Back in the genre, I am no less impressed by Peter Watts’ Blindsight now than I was when I first read it. Watts’ depiction of characters who have internalised the language and paradigms of science — whose psyches are shaped by the operations of science — is as impressive as that of any writer this side of Greg Egan, and the remorseless logic of his novel’s central premise more than compensates for any brief moments of impenetrability (arguably, in fact, such moments are a demonstration of fidelity, of commitment to his argument). Not nearly on the same level, but not un-worthwhile, are Mark Budz’ Idolon and Scott Lynch’s The Lies of Locke Lamora; both struggle to own their generic components in the way that Watts manages so effortlessly, but at the very least both succeed simply as engaging yarns.

Lynch’s novel is, of course, his first; a nontrivial chunk of the older books I read were also lauded first novels (the genres of the fantastic are nothing if not relentlessly neophilic), a number of them by names already mentioned above. So, travelling back in time, we have David Marusek’s restless, information-dense Counting Heads (roll on his debut short story collection later this year, I say); Johanna Sinisalo’s lively examination of sexuality and gender identity, Not Before Sundown; Ian R. Macleod’s mesmerising exploration of faith and purpose, The Great Wheel; Maureen McHugh’s moving, meandering China Mountain Zhang; and Geoff Ryman’s (him again) exuberant if undisciplined The Warrior Who Carried Life.

Of the remaining books on my list, the one that most demands to be noted is Ali Smith’s The Accidental, deserved winner of the Whitbread Novel of the Year Prize (and, in all honesty, probably the book that should have won both the Orange and Booker prizes).
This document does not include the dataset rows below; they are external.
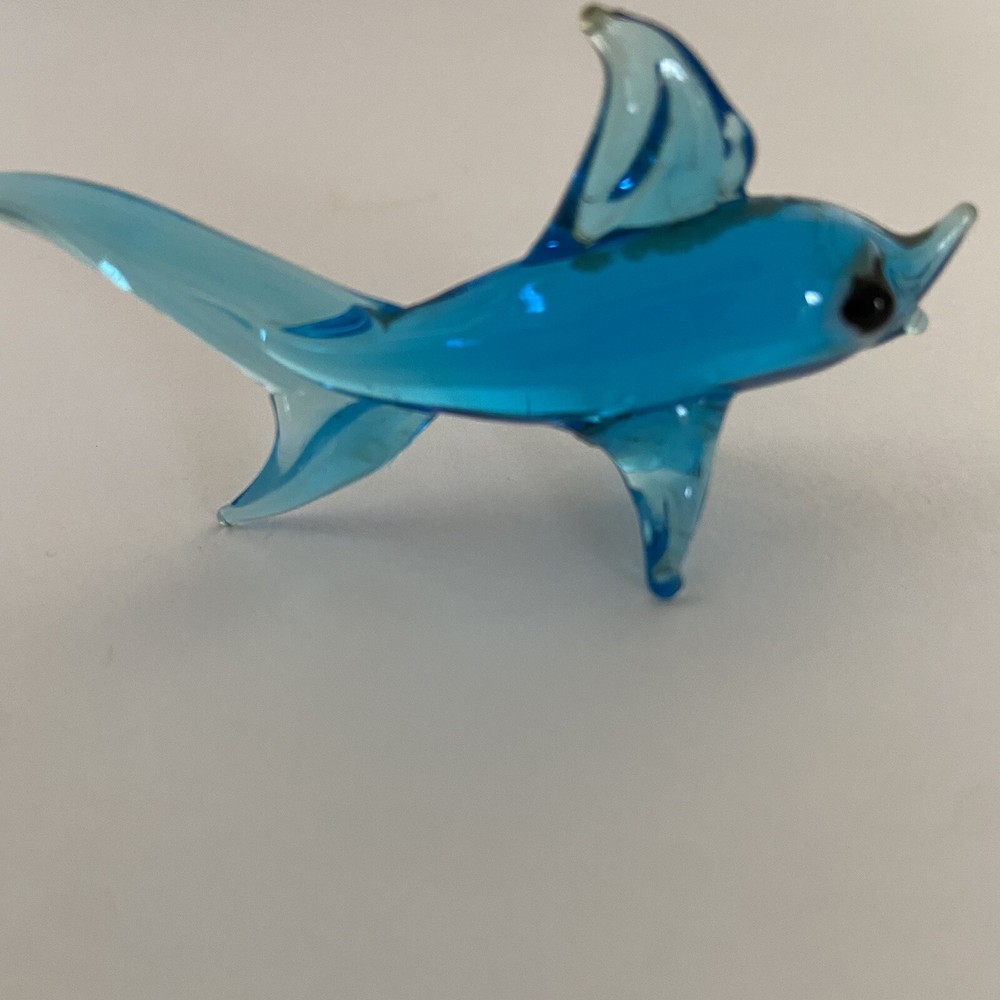 Hand BlownGlass Fish Dolphin Blue Figurine Vintage  Art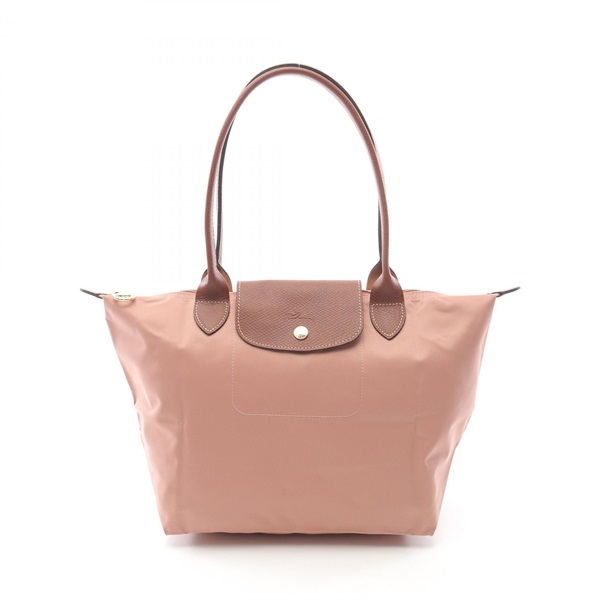 Longchamp LE PLIAGE ORIGINAL M Shoulder Tote Bag canvas leather Pink Brown NEW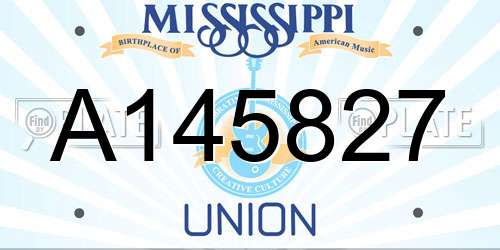 A145827 Mississippi License Plate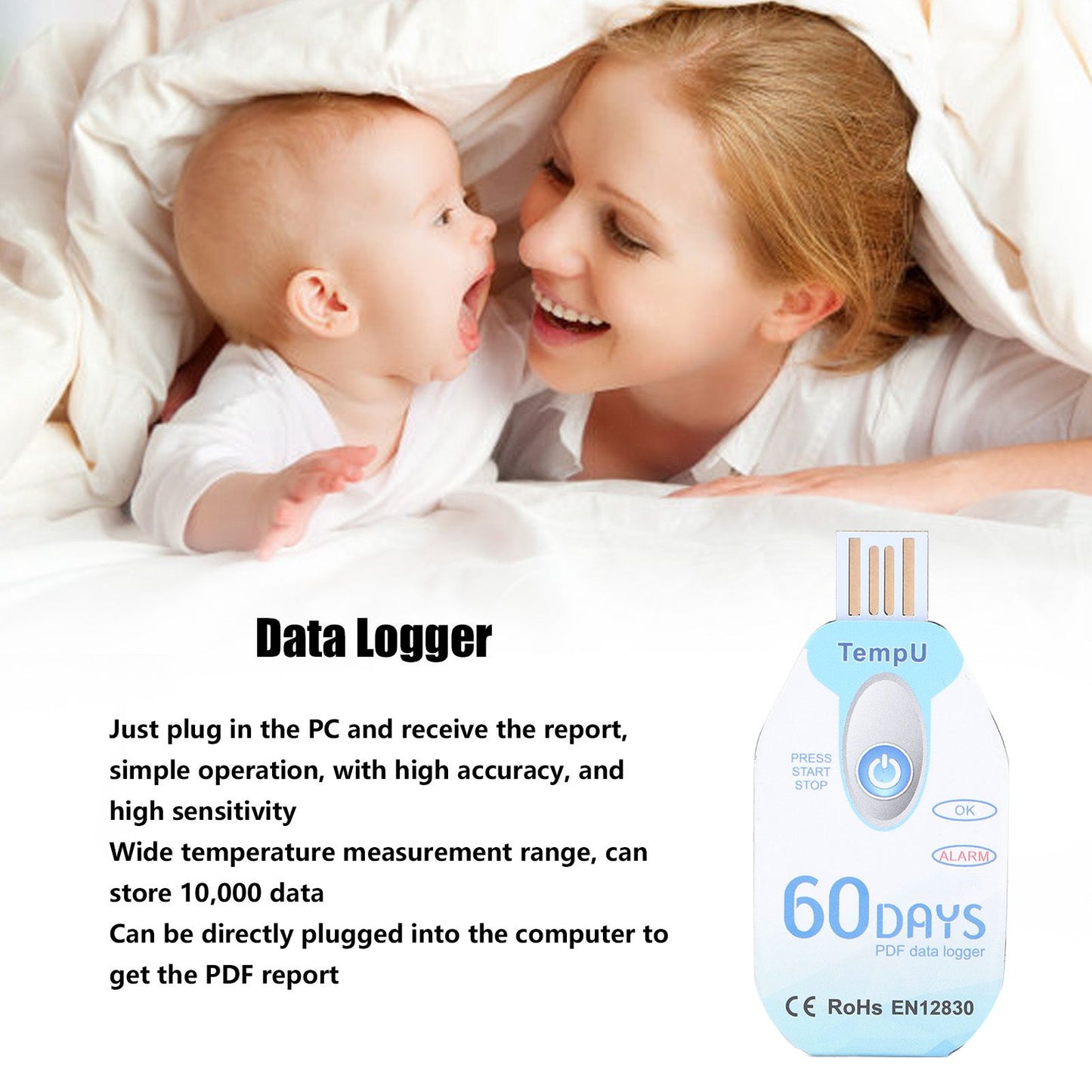 Food Temperature Recorder Portable Temperature Data Logger PDF Report USB Powered Data Logger V1294-YM0523-3113210278411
Almost a full year after I read it, my memories of the book are fresh and vivid, from the characters (particularly, of course, the precocious Astrid) to particular phrases and sentences (“Believe me. Everything is meant”) to the breathtaking energy and invention of the telling. If there is one writer whose back-catalogue I want to investigate further in 2007, it’s Ali Smith (if there’s a second, it’s Ian McDonald, but I’ve been saying that for a while). Too many other much-anticipated books, however, failed to live up to their billing: David Mitchell’s Number9Dream and Christopher Priest’s The Prestige are perfectly adequate, but both writers have done better before and since; Octavia E. Butler’s last novel, Fledgling, is curiously dry, succeeding more as thought experiment than story; similarly, Alastair Reynolds’ Pushing Ice is as average as the other novels I’ve read by him (though I have both his 2006 short story collections — Galactic North and Zima Blue — and look forward to getting stuck into them); Scott Westerfeld’s So Yesterday is fun enough, but far too thin to induce me to pick up his other books (although I’m looking forward to the second novel of another YA writer I encountered in 2006, Frances Hardinge, with no small anticipation); and we will draw a discreet veil over Jon Courtenay Grimwood’s 9TailFox.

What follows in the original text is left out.